Annie gave me a questioning look. “You’ve been speaking to the man himself?”

I took a long sip of my martini and told Annie all about my Fletcher dealings, a summing up of how the Walter Hickey letters and the forged Elizabeth Barrett Browning poems had vanished from the safe in his store, how he hired Maury and me to recover the missing papers.

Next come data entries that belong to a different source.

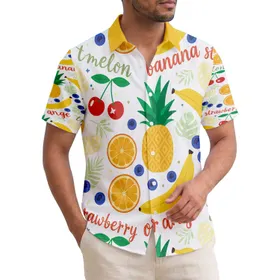 Bananas Pineapples Cherries Blueberries Orange Slices Fruit Medley Text - Travel Essentials Hawaiian Shirt
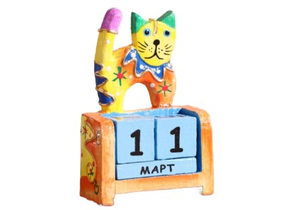 Благотворительный деревянный настольный календарь «Вечный», 10×7×4 см, «Котёнок»
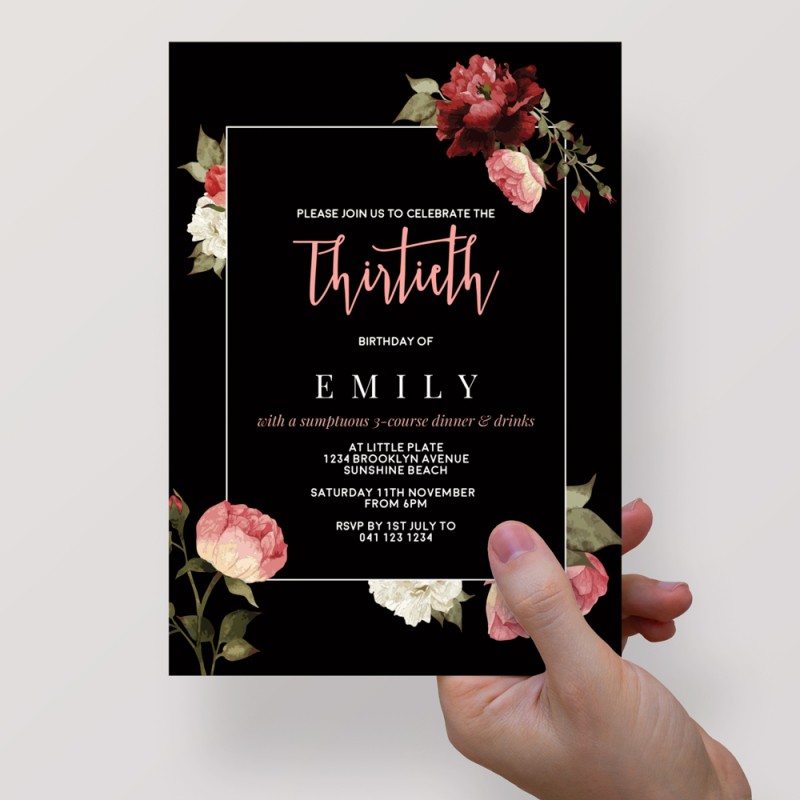 Succulent Roses 30th Birthday Invitations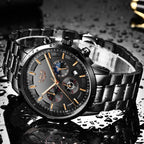 Military Black Steel Watch – Elegant Stainless Steel Men’s Wristwatch with Waterproof Design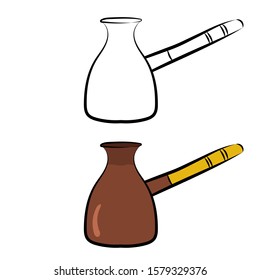 Jezve turkish coffe pot icon. Vector illustration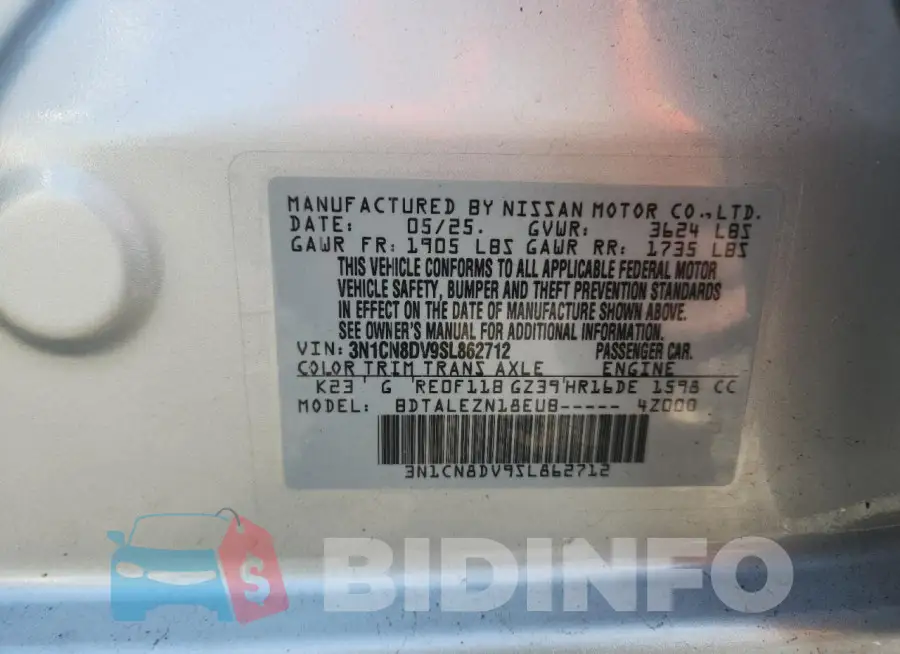 3N1CN8DV9SL862712 Photo# 13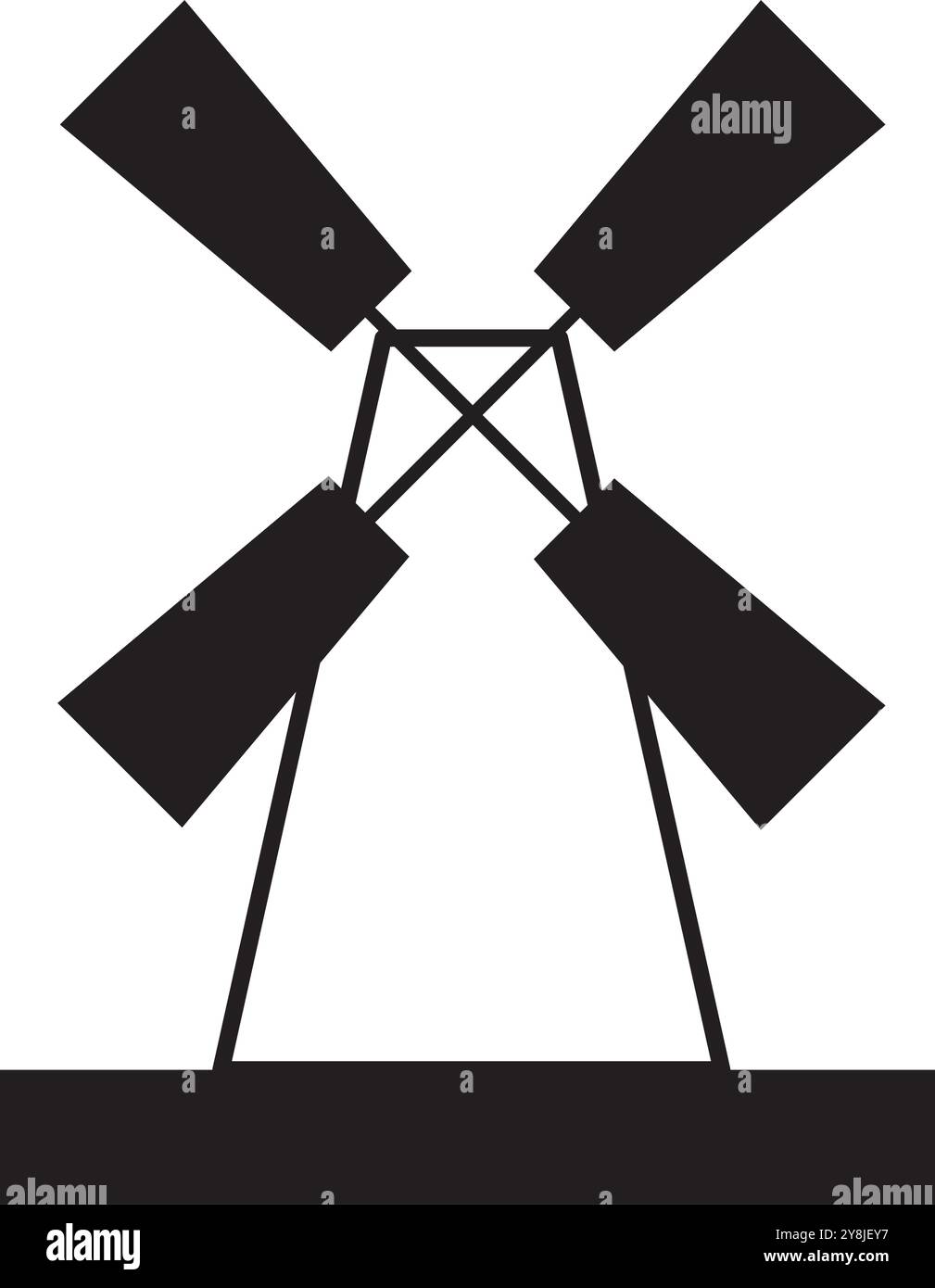 illustration d'icône de silhouette de dessin animé de moulin à vent isolé Illustration de Vecteur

“This involvement of mine with Fletcher’s case,” I said, “it isn’t going to trample on your Meg territory?”

“Maybe a little,” Annie said. “But it’s not going to cost me the job or anything else dire.”

“In that case,” I said, “let me ask a question. Has Meg mentioned faked copies of Sonnets from the Portuguese?”

“To be precise, you’re talking about what would be a fake of a fake, if I follow your description of Meg’s possible problem.”

“Double fake maybe, you’re right.”

“Not a hint of the subject so far,” Annie said. “But then she and I are going at her life story chronologically. So far, up at Georgian Bay, we just finished covering Meg’s noble ancestors. This is all before Meg was ever born.”

Both of us took sips of our martinis.

“Off the immediate topic, but have you and Meg touched on the part in her life about the source of all her moolah?”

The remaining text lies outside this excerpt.